• Andrea Campagnoli

5 interrogativi sull'offseason dei Knicks

Con un nuovo front office, un nuovo allenatore e una scelta al Draft di novembre, i Knicks devono capire ancora come muoversi nel migliore dei modi in questo autunno.



Questo articolo, scritto da Quentin Haynes per The Knicks Wall e tradotto in italiano da Andrea Campagnoli per Around the Game, è stato pubblicato in data 19 ottobre 2020.
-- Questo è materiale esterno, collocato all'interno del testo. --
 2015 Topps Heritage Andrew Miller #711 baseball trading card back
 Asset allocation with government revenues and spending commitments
Durante l’ultima estate, la frase più ripetuta nella Grande Mela era una sola: “Stiamo vivendo l’offseason più importante della storia dei New York Knicks.”

Nonostante l’ennesima stagione al di sotto delle aspettative, i Knicks l’anno scorso si erano affacciati al Draft con tantissime speranze. Speranze che prendevano il nome di Zion Williamson. Inoltre, c'era anche la concreta possibilità di fare jackpot durante la free agency, aggiungendo Kevin Durant e/o Kyrie Irving...
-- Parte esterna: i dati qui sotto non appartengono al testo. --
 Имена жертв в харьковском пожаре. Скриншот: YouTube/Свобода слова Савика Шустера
Ovviamente, nulla è andato come si poteva pensare. Irving e l’infortunato KD decisero di accasarsi ai Brooklyn Nets, mentre Williamson prese il posto di Anthony Davis in quel di New Orleans.

Le aspettative che oggi circondano New York sono nettamente inferiori. Stiamo infatti parlando di una classe del Draft e di una free agency con talenti non paragonabili a quelli dell’anno scorso. E l’obiettivo dei Knicks nel breve periodo, dopo l'arrivo di coach Thibodeau, non è più quello di diventare una contender, ma di diventare una buona squadra in grado di raggiungere i Playoffs coltivando i propri giovani.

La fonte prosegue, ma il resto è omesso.